A second thing to be aware of are the so-called ‘toll ways'. When I visited Laguna Kayla, the road I wanted to take was blocked with a lever and there was a friendly man asking for a toll. It seemed to me a very random place for a ‘toll road' and the track you are supposed to pay for was even worse than the road before the ‘toll point'. However, this man hands you a ticket and it all seems relatively legit. Cost: 10 Bolivianos, about 1,50 USD.

9. Expect long lines at the border and how to get around them

At the Chile-Bolivia border “Hito Cajon” I started my Ruta de las Lagunas route. I was not alone. All the 4x4 tour groups take this border crossing too, and they do so in the early morning right after the border office opens. Expect about 40 vehicles trying to get into Bolivia and huge lines for the immigration office. It takes such a long time that the tours even serve breakfast right outside the immigration office.

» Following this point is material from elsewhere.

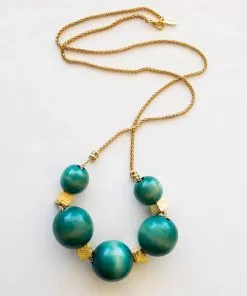 Green touch wood necklace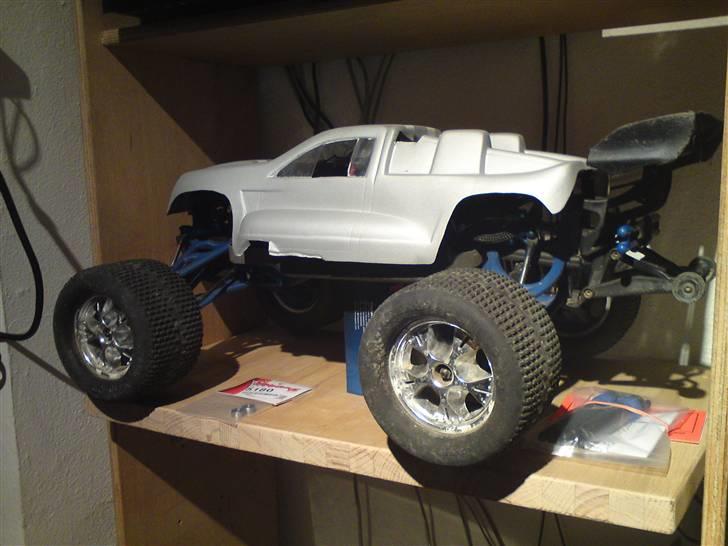 Bil Traxxas E-revo BRUSHLESS!  - Ny body billede 12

To avoid this situation, arrive at the border later, say around 10 am. Or be a bit rude and skip the line, as I did. I was the only one traveling by myself and the tour groups had to wait for each other anyway before they could continue their journey. So, they didn't mind letting me go first as a single traveler.

In episode 56 you can see me skip the line and enter Bolivia to ride the Ruta de las Lagunas.

Arbol de Piedra or Rock tree, Bolivia

10. Change enough money in San Pedro de Atacama

There are plenty of money changers in San Pedro de Atacama who will happily change your Chilean pesos (or Argentinean pesos, Euros or US dollars) into Bolivianos. This is your last opportunity to do so! There are no money changers at the border and no ATM's on the Bolivian altiplano.

If you somehow fail to change money and are in desperate need of local cash, I suggest you stop a 4x4 heading in the opposite direction. You are likely to be able to change your money with travelers that are leaving Bolivia to go to Chile.

How much Bolivianos you need? It all depends, but a basic room costs around 50 Bolivianos and a meal between 10 to 15 Bolivianos.

That's it! Now you know all the practical stuff for riding the Ruta de las Lagunas in Bolivia.

Details of my journey

Vehicle: Royal Enfield Himalayan motorcycle (411 cc)

When: February 2020 (read: in the middle of the rainy season)

Trip duration: 4 days from San Pedro de Atacama (Chile) to Uyuni (Bolivia)

Which route: Southern route. Click here to view my route in Google Mymaps.

Itinerary: Day 1 - San Pedro de Atacama - Hot Springs (100 km). Day 2 - Hot Springs - Laguna Colorado (55 km). Day 3 - Laguna Colorado - Laguna Hedionda (85 km). Day 4 - Laguna Hedionda - Uyuni (200 km).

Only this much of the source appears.